Your instructions
Write out exactly the lines of the entries below, from the first through the line containing "POISSON PIERRE", and nothing beyond them.

START Source data

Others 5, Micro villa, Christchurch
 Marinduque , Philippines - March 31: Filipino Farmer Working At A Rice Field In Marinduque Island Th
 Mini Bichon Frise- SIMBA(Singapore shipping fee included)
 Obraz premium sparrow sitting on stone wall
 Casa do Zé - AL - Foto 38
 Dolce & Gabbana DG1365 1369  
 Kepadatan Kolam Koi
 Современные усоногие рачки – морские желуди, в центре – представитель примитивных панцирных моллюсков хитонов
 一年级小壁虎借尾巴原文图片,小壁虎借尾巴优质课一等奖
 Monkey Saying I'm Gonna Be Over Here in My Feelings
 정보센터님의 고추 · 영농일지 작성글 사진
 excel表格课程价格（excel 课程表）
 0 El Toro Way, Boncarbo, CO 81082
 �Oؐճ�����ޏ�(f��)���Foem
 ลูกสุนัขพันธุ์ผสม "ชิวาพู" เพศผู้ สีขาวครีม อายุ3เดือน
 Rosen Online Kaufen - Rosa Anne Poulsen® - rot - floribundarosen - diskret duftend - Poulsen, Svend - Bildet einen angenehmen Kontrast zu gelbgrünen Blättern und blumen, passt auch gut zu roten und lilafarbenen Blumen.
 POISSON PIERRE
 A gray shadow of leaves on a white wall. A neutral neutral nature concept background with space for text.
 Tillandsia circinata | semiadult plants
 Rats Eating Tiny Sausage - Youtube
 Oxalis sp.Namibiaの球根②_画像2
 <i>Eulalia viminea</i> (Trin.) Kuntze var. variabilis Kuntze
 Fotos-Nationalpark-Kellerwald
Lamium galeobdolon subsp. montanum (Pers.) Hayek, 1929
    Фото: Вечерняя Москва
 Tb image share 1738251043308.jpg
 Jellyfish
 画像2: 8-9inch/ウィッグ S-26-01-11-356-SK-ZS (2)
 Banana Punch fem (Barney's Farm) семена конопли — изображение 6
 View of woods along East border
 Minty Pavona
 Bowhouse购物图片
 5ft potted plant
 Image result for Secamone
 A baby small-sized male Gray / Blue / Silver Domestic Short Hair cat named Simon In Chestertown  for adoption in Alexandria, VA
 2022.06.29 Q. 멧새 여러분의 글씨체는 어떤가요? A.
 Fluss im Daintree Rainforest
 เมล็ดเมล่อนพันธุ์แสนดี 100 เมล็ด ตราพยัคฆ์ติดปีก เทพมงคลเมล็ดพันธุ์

END Source data

Task solution
Others 5, Micro villa, Christchurch
 Marinduque , Philippines - March 31: Filipino Farmer Working At A Rice Field In Marinduque Island Th
 Mini Bichon Frise- SIMBA(Singapore shipping fee included)
 Obraz premium sparrow sitting on stone wall
 Casa do Zé - AL - Foto 38
 Dolce & Gabbana DG1365 1369  
 Kepadatan Kolam Koi
 Современные усоногие рачки – морские желуди, в центре – представитель примитивных панцирных моллюсков хитонов
 一年级小壁虎借尾巴原文图片,小壁虎借尾巴优质课一等奖
 Monkey Saying I'm Gonna Be Over Here in My Feelings
 정보센터님의 고추 · 영농일지 작성글 사진
 excel表格课程价格（excel 课程表）
 0 El Toro Way, Boncarbo, CO 81082
 �Oؐճ�����ޏ�(f��)���Foem
 ลูกสุนัขพันธุ์ผสม "ชิวาพู" เพศผู้ สีขาวครีม อายุ3เดือน
 Rosen Online Kaufen - Rosa Anne Poulsen® - rot - floribundarosen - diskret duftend - Poulsen, Svend - Bildet einen angenehmen Kontrast zu gelbgrünen Blättern und blumen, passt auch gut zu roten und lilafarbenen Blumen.
 POISSON PIERRE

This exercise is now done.